Separating the wheat from the chaff: Overcoming the challenges of exome sequencing

Published on 03/22/2022

10 min read

Whole exome sequencing has the potential to accelerate the diagnosis of rare diseases, but without the right tools, achieving comprehensive coverage and sifting through tens of thousands of variants is a challenge.

Why choose exome sequencing? 

The advent of whole-genome sequencing (WGS) ushered in a whole new world for biological research. Since the Human Genome Project was (partially) completed 20 years ago, the cost of WGS has plummeted, now sitting at $1000 or less (vs more than $1,000,000 at its height). However, sequencing a whole human genome is data-heavy and can take 100GB to upwards of 1TB of hard drive space for a single sequencing run, generating a vast amount of data to analyze. Enter the exome. 

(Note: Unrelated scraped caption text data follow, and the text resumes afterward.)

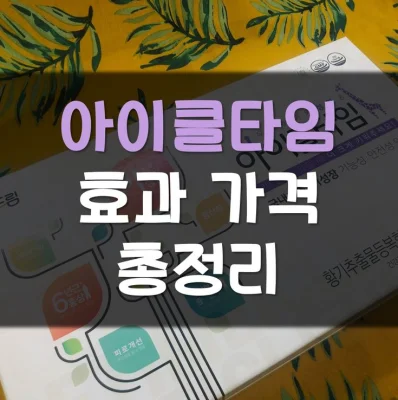 Read more about the article 아이클타임 가격 효과 총정리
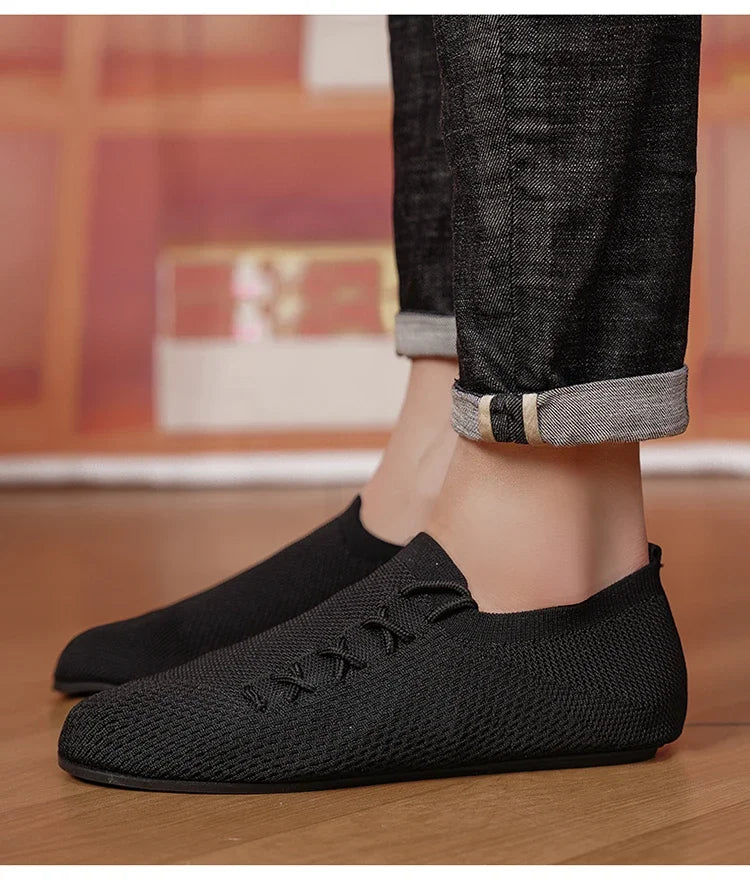 YRZL Men's Comfortable Shoes Breathable Walking Shoes Summer Mesh Loafers Anti Slip Casual Sneakers Lightweight Shoes for Men.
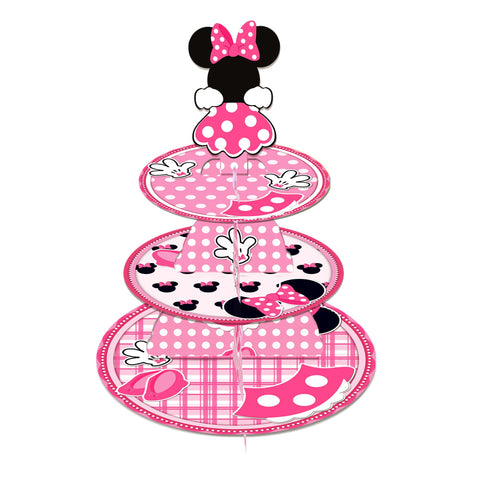 OULUN Minnie rosa, base de cupcakes de 12 pulgadas para bodas.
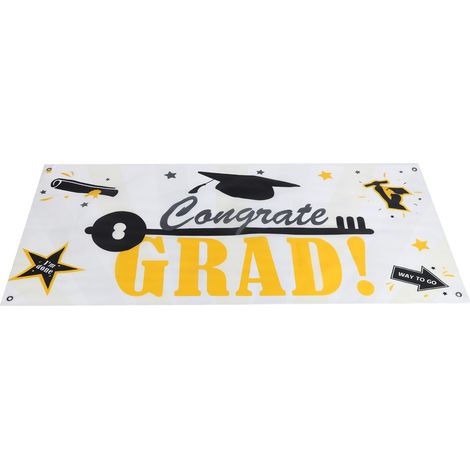 Affiche, bannière, toile de fond, poster suspendu, fond photo blanc pour la remise des diplômes (1/5)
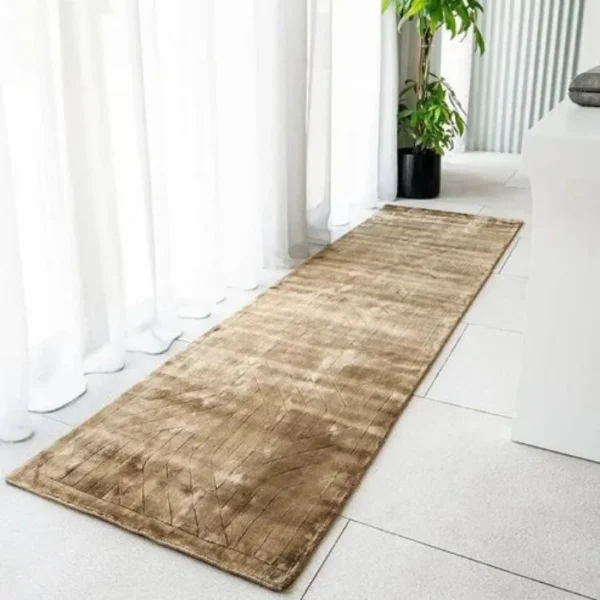 Solid Gold Area Runner Rugs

Whole exome sequencing (WES) sequences all the protein-coding regions (exons) of the genome but avoids the non-coding introns. Coming into vogue in the 2010s, the technique has increased exponentially in popularity in the past decade.1 There are several advantages to WES over other technologies. The exome is only about 1.5-3% of the genome, so focusing on the exome rather than the genome substantially reduces the size and cost of a sequencing run. WES runs come in at a scant few gigabytes of hard drive space, and while the cost is not 1.5-3% of WGS, WES generally costs around a quarter of a full genome.2 Exome sequencing is highly efficient, with diagnostic yields ranging from 20-40% in the clinic,3 compared with yields in the single digits for comparative genomic hybridization arrays (aCGH). Though specific figures vary from study to study, exome sequencing tends to beat microarray-based sequencing methods and targeted next-generation sequencing (NGS) gene panels by a factor of 3-4x in terms of diagnostic yield.4 When using NGS techniques to find pathogenic variants, exome sequencing shines, since 89% of variants reported as pathogenic in NCBI’s ClinVar come from protein-coding regions (at least in Mendelian disorders). That number skyrockets to 99% when neighboring regions are included.5  

Starting with exome sequencing can shorten diagnostic time and increase diagnostic yield.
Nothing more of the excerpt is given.